__Given data__:
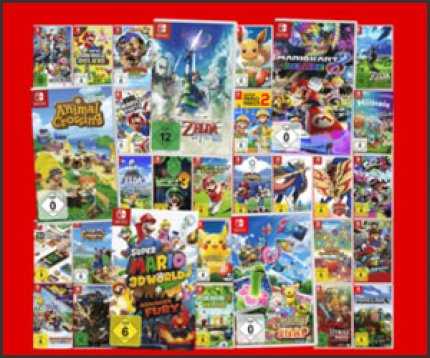 Aktion: Drei Switch-Spiele für insgesamt 111 Euro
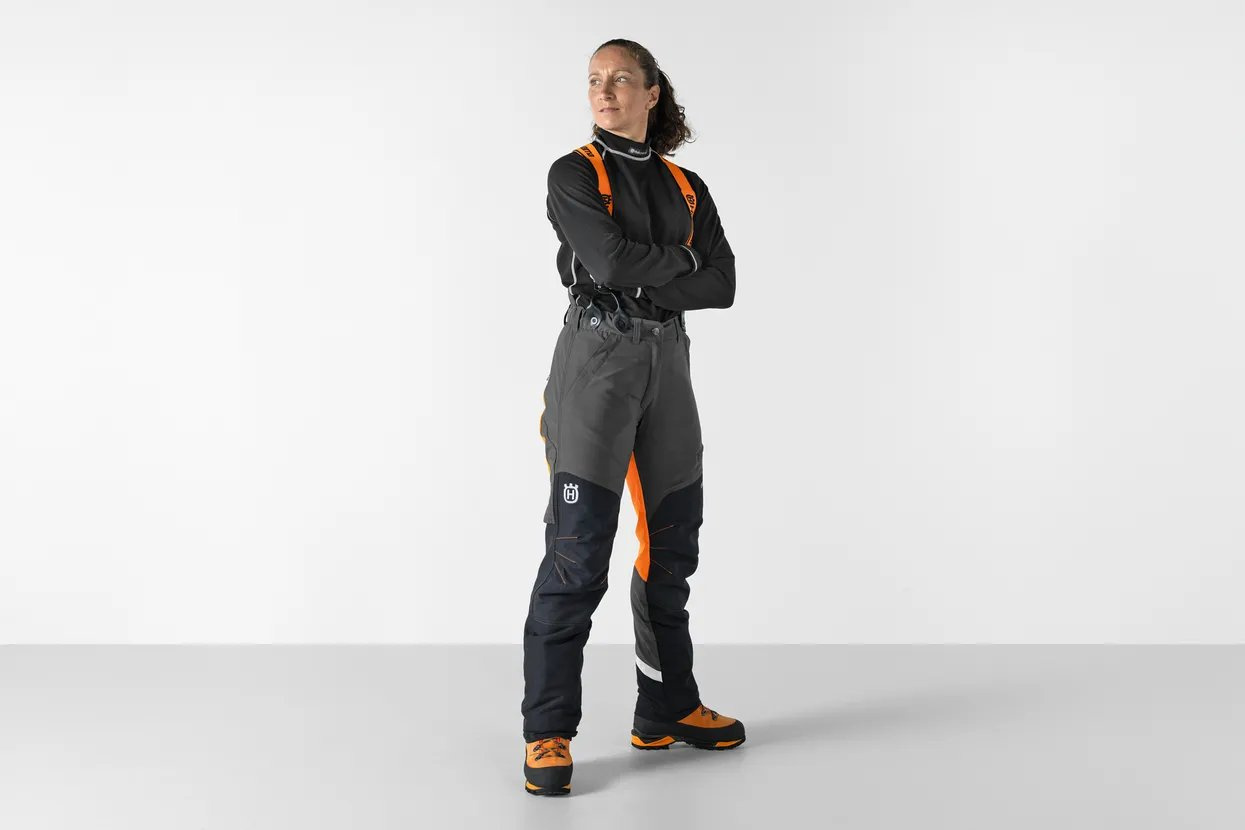 Husqvarna-turvahousut, Technical Women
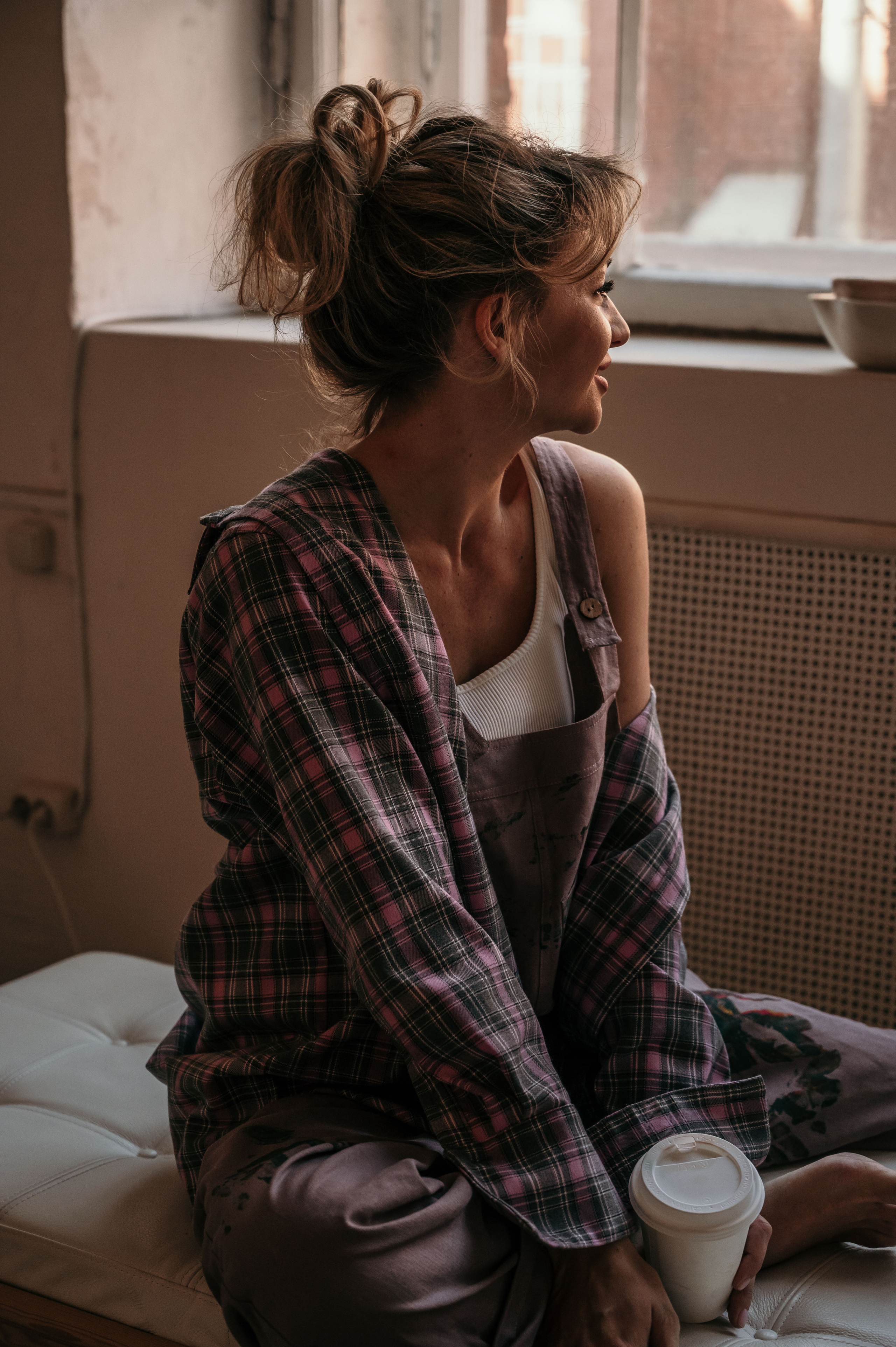 Анастасия. Фотограф беременности и семьи, домашние съемки, Ньюборн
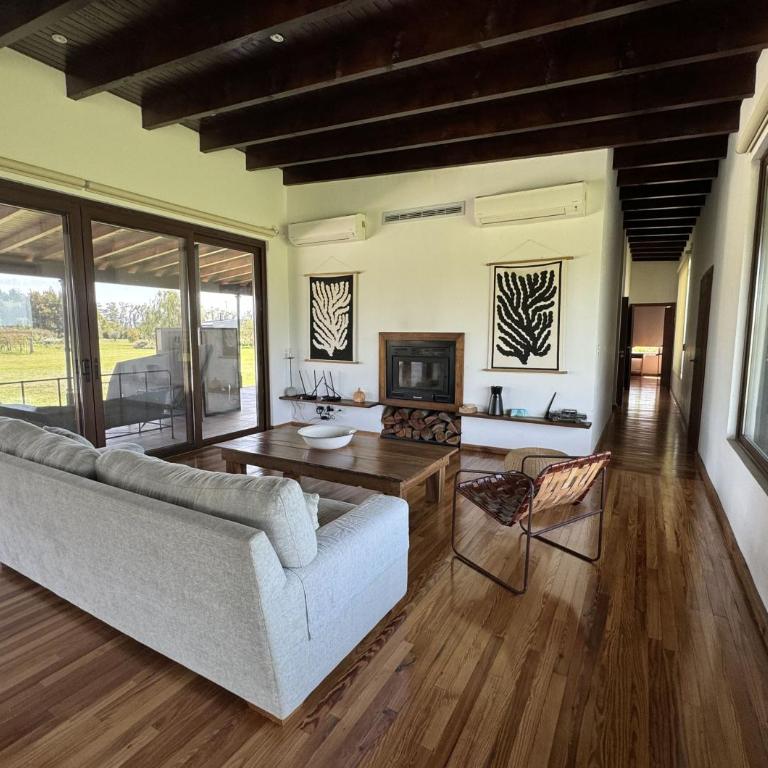 Casa de Campo Familiar - Casa de 3 dormitorios - 27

__What is being asked__: Your job is to reproduce the material exactly. Keep pictures out of it.

__Reply to the task__:
 Aktion: Drei Switch-Spiele für insgesamt 111 Euro
 Husqvarna-turvahousut, Technical Women
 Анастасия. Фотограф беременности и семьи, домашние съемки, Ньюборн
 Casa de Campo Familiar - Casa de 3 dormitorios - 27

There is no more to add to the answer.